Start of Material provided

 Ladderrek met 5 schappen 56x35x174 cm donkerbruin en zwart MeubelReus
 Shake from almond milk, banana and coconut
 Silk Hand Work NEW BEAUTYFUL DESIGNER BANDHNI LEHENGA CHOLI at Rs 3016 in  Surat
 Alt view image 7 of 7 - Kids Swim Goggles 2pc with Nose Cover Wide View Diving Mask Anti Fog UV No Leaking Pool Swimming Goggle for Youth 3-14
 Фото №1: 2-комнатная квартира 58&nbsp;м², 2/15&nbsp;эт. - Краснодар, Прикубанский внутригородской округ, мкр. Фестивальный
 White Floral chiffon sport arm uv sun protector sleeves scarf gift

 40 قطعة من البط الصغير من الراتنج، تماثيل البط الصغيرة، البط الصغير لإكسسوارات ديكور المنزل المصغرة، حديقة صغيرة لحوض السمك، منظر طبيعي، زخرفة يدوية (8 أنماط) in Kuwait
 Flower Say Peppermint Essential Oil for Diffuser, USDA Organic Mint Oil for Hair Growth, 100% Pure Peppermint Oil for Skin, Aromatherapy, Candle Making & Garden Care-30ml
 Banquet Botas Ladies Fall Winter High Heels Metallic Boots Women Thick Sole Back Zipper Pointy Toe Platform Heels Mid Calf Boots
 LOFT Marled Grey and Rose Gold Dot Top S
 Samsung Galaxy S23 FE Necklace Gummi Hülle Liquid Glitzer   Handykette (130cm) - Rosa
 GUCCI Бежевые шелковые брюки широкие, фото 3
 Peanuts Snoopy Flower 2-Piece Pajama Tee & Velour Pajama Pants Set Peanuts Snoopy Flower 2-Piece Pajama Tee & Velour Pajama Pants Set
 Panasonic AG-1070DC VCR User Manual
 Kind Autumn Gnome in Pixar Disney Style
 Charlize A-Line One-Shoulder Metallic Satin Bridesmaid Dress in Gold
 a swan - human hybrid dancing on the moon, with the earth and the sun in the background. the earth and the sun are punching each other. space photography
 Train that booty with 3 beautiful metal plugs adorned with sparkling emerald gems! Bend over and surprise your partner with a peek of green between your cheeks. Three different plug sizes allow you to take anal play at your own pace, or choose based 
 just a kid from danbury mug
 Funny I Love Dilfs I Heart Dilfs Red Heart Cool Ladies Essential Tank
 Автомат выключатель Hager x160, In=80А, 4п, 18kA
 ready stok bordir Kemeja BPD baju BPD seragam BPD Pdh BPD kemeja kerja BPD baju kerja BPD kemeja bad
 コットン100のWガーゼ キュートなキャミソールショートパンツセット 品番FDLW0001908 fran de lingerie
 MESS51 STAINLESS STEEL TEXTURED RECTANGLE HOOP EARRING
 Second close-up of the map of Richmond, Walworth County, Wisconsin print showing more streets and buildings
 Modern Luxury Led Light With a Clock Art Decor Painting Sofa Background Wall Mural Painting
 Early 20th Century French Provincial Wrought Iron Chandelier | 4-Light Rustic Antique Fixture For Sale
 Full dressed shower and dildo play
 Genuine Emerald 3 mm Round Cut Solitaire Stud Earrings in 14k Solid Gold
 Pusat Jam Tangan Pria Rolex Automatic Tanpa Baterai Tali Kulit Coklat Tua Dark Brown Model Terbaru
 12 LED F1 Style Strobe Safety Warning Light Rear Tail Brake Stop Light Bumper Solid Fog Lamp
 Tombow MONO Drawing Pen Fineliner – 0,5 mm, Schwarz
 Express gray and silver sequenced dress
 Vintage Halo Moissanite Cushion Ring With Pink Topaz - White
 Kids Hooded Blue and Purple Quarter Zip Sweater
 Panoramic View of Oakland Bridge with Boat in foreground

End of Material provided

**Exercise instructions**
Whenever the word "Style" shows up in a line of the entries above, copy that line.

**Task response**
 Kind Autumn Gnome in Pixar Disney Style
 12 LED F1 Style Strobe Safety Warning Light Rear Tail Brake Stop Light Bumper Solid Fog Lamp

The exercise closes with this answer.